I read my rare books. They are fascinating, not only for what they contain, but how they feel. Rich, thick pages, deckle edges, the binding, the smell–these are real books, meant to be read and enjoyed.

Of course, you want to treat them right, but there is no reason that you cannot handle and read them.

Bringing this one forward to report that my bookseller located another Dorothy Parker for me: Enough Rope, published in 1926. Unsigned, but with an intact dust jacket. Slight restoration to the dust jacket; listed as “extremely good” condition.

I had to buy it. After all, this is the book that gave us such aphorisms as, “Men seldom make passes at girls who wear glasses,” and “Four be the things I am wiser to know: Idleness, sorrow, a friend, and a foe.”

I don’t know why collecting Dorothy Parker interests me so much, except perhaps that she contributed a few aphorisms to the English language. At any rate, now that I have Enough Rope, it’s time to get a first edition of Sunset Gun.

I went to Boston recently and stopped at the famous Brattle Book Store. Never got more than 10 feet from the front desk.

That’s because their “comics” section was right up front. Mostly miscellaneous stuff of no real interest and little prose humor. Except for two whole shelves of P. G. Wodehouse. I don’t collect Wodehouse - he’s British and fiction and a bibliographical nightmare - but I noticed a biography of him that looked interesting. And then another. And another.

I found ten books on, not by, Wodehouse on those two shelves. Some were even signed. P. G. Wodehouse Man and Myth was signed by Barry Phelps, whose signature is very distinctive (think Trump’s with a capital B). And Francis Donaldson signed his PG Wodehouse: The Authorized Biography. To Charles Gould, the author of the Wodehouse chapbook The Toad at Harrow.

And some stuff was stuck in that book. Signed “Barry” in that distinctive handwriting. Included was a letter to Gould trashing Donaldson’s book (“mad, bad and dangerous to read”) along with a page of factual errors he’d found. And a page from his forthcoming manuscript (Man and Myth) commenting on The Toad at Harrow and asking for comments. Ten dollars each.

Does anyone know of a Wodehouse scholar who’d like some good dish?

I don’t, but my uncle *only *collects signed first editions of books that were later turned into movies. He’s got the money for it, too!

What are scanner people?

They show up at book sales and places like the Salvation Army with a scanner in hand. A quick scan and they can see if the book has any real value.

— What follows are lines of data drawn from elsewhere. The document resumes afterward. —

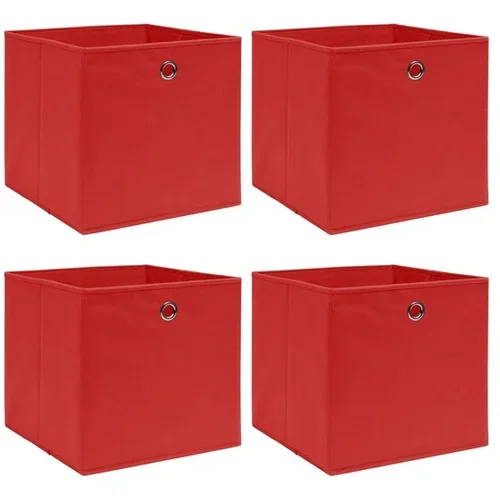  Škatle za shranjevanje 4 kosi rdeče 32x32x32 cm blago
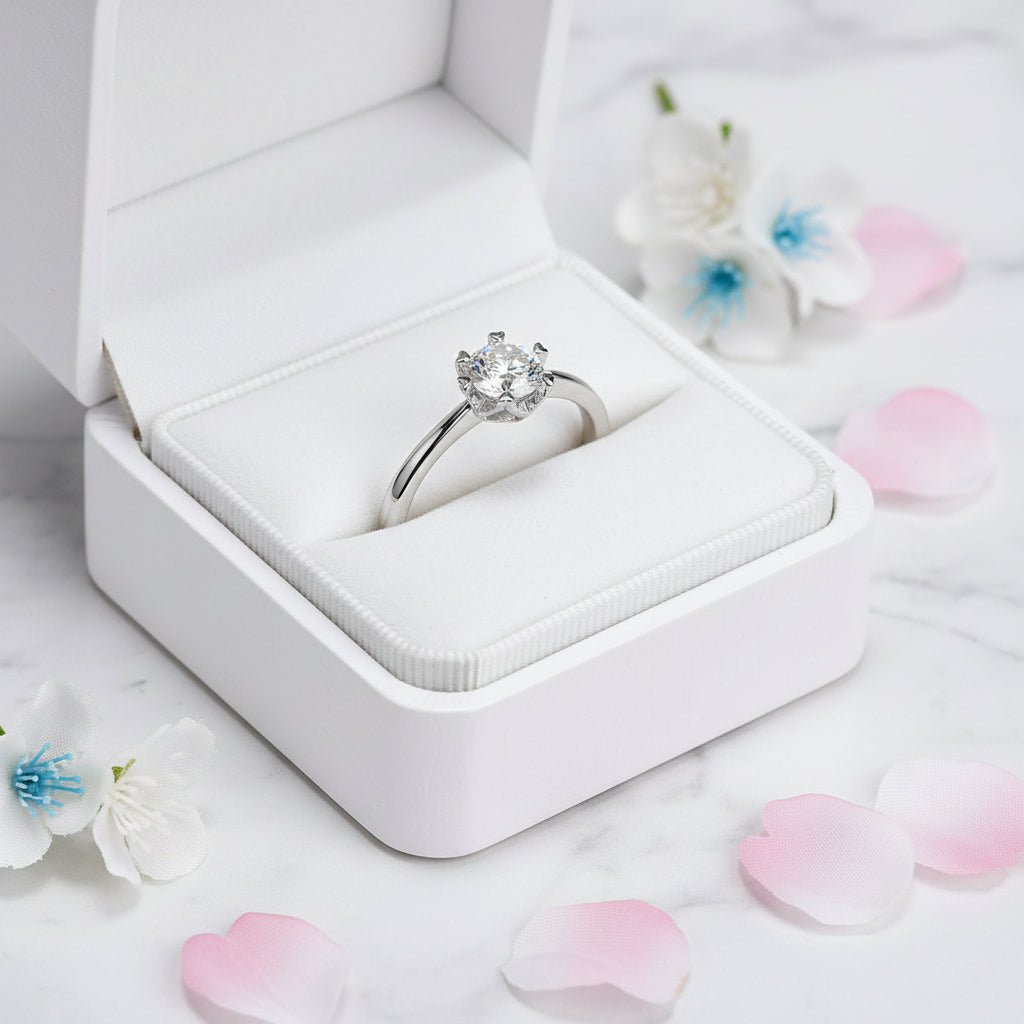 Hearts & Arrows Solitaire 0.5 Carat Moissanite Diamond Ring set in Platinum Plated 925 Silver (GRA)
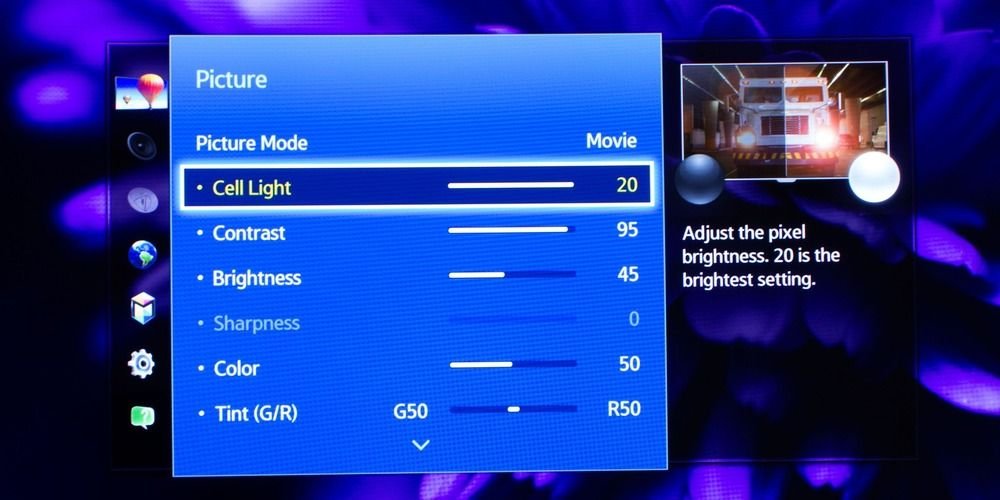 brightness settings submenus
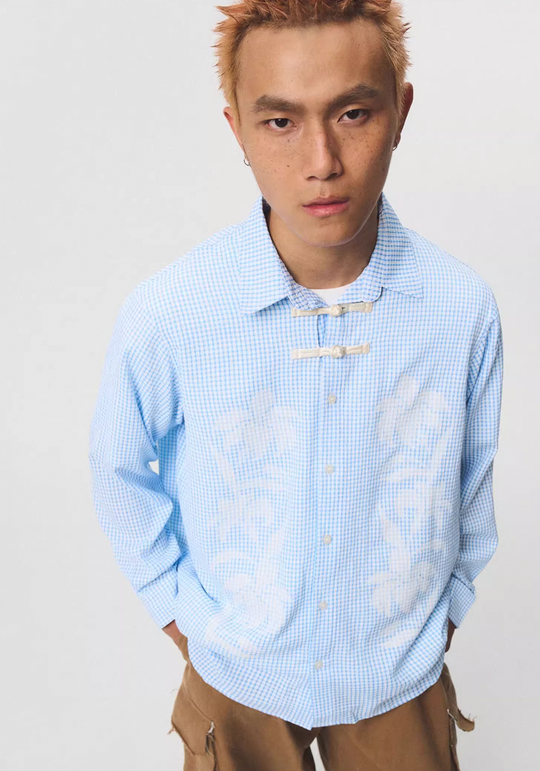 EMPTY REFERENCE Printed Blue Plaid Long Sleeve Shirt | Face 3 Face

I don’t specifically collect books because they’re rare. I buy books that appeal to me and sometimes they’re rare. I like early 20th C. books with decorative and/or interesting covers. Some of these are rare and expensive; others are dirt cheap.

I do have a first edition of the American edition of Harry Potter and the Sorceror’s Stone which is apparently worth a good bit. I only bought it because I read a review (in Publisher’s Weekly, IIRC), and that was before the hoopla really exploded.

I own only three books signed by the authors.

One is a cheap paperback, signed by Spider Robinson.
Another is Eve Goldens biography of John Gilbert, which she was kind enough to sign for me. I mailed it to her, along with postage for returning it, she signed and sent it back to me! Yay!

BTW, this post is a landmark, my 20000th post.

One of my prized possessions is a copy of the novel Millbank. It’s one of the few books that Laura Ingalls mentions her family owning in the Little House series.